Auto sector supply-chain disruption (2018–20): U.S. autos are heavily integrated in North American supply chains, with parts crossing the border multiple times. Steel and aluminum tariffs raised input costs for auto makers; Chinese component tariffs did the same. Auto makers responded with automation and selective price increases. Auto employment fell slightly; prices rose modestly.

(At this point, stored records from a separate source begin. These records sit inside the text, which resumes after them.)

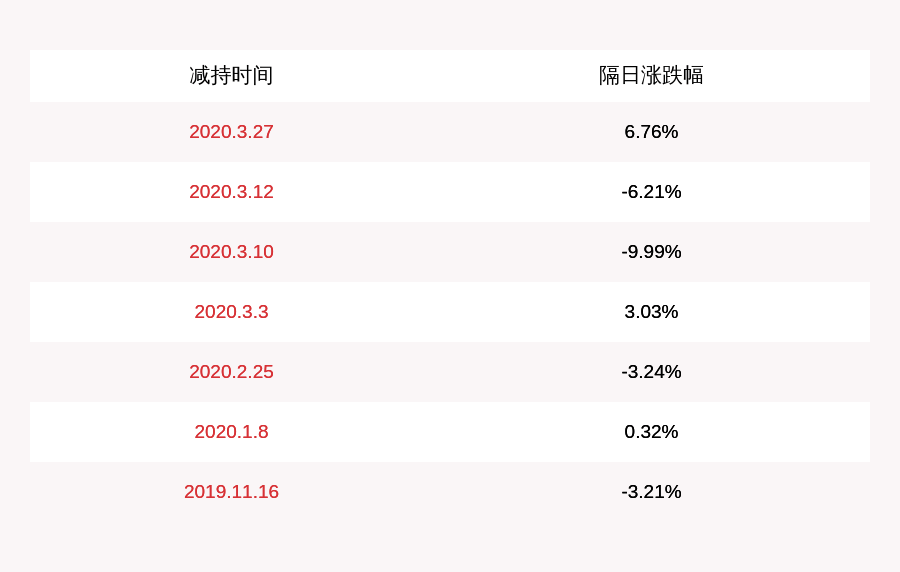 时间|南京聚隆：减持计划时间已过半 副总裁蒋顶军尚未减持公司股份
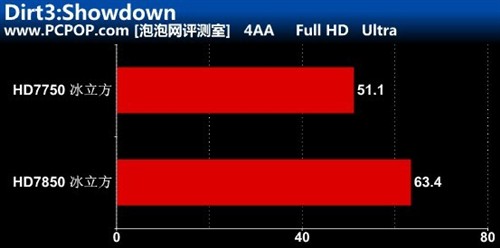 性能与价格兼具 十款游戏战7850/7750 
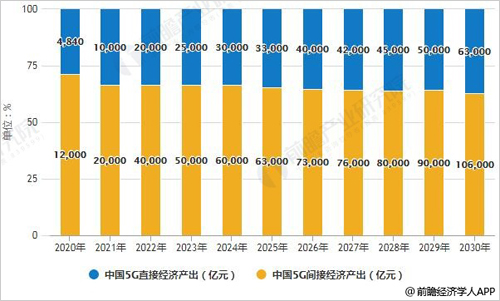 未来视角下的管家婆，探索管家婆软件在2025年的数据来源与发展趋势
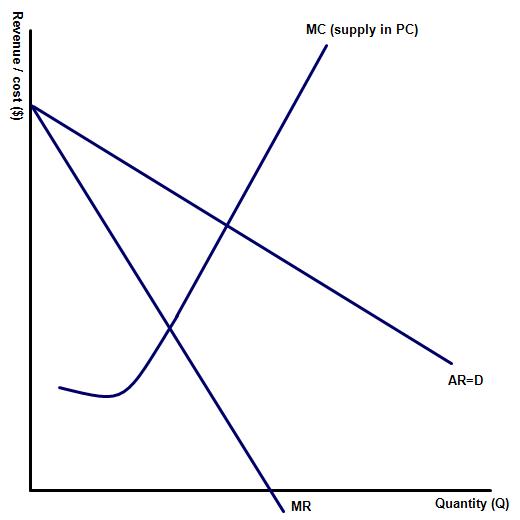 A comparison of monopoly and perfect competition (HL only)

Pork exports and Chinese retaliatory tariffs (2018–19): China tariffed U.S. pork in retaliation. U.S. pork exports fell sharply; prices fell. But China simultaneously purchased more pork from the EU and Brazil at higher prices, indicating the tariff was punitive (China sacrificed cheaper U.S. pork for more expensive alternatives to harm U.S. farmers). This "own-goal" by China illustrates the mutual damage of trade wars.

Summary

Trade wars occur when protectionist pressure overcomes economic logic, leading nations into tariff escalation from which neither can unilaterally escape. The 2018–2020 U.S.-China trade war exemplified this dynamic: political pressure for protection and geopolitical rivalry motivated initial U.S. tariffs; China retaliated; both sides escalated; both economies lost. The U.S. imposed tariffs on $370 billion of Chinese goods; China retaliated on $110 billion of U.S. exports. Estimated real-income losses reached $42 billion annually for the U.S. and comparable magnitudes for China. The trade war was smaller than Smoot-Hawley but followed the same pattern: concentrated benefits to protected industries; diffuse costs to consumers and export-competing industries; mutual economic loss. Trade wars persist because backing down politically signals weakness, trapping both sides in a harmful equilibrium. Coordinated negotiations, as in the "Phase One" deal, offer partial de-escalation but rarely fully resolve underlying tensions. Understanding trade-war economics clarifies why economists oppose tariffs as policy tools: they may solve local political problems but destroy overall prosperity. Prevention requires institutions (like the WTO) that can coordinate simultaneous tariff reductions and enforce commitments, so neither side fears unilateral disarmament.